Exercise data:
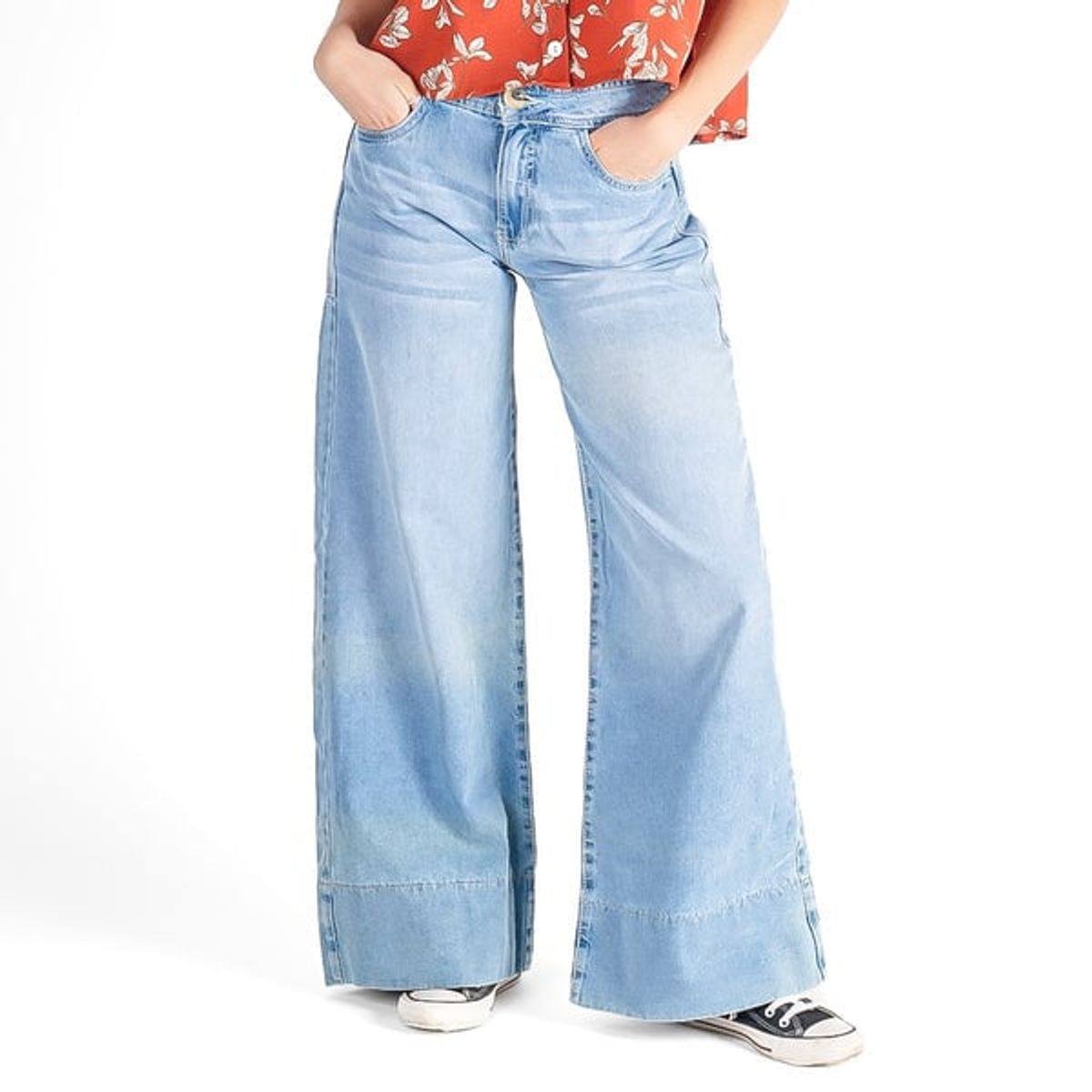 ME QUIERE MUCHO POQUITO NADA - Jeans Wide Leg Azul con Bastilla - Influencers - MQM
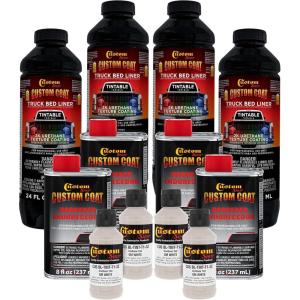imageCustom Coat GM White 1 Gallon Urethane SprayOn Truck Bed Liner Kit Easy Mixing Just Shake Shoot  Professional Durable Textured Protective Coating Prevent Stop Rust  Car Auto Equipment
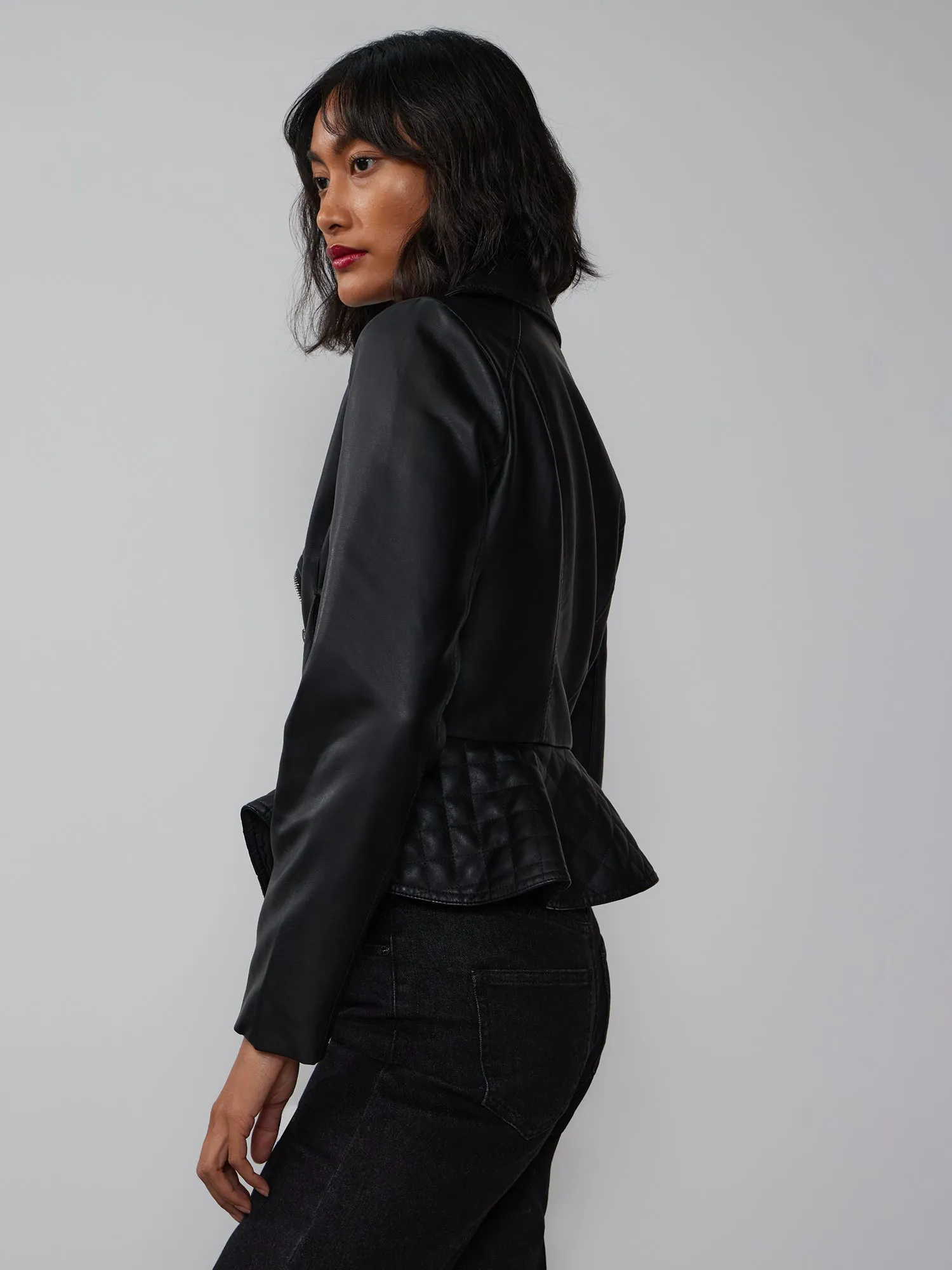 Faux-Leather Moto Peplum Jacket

Try it:
Nothing but the pictures is to be left out; the rest of the listing should be copied exactly.

Solved problem:
 ME QUIERE MUCHO POQUITO NADA - Jeans Wide Leg Azul con Bastilla - Influencers - MQM
imageCustom Coat GM White 1 Gallon Urethane SprayOn Truck Bed Liner Kit Easy Mixing Just Shake Shoot  Professional Durable Textured Protective Coating Prevent Stop Rust  Car Auto Equipment
 Faux-Leather Moto Peplum Jacket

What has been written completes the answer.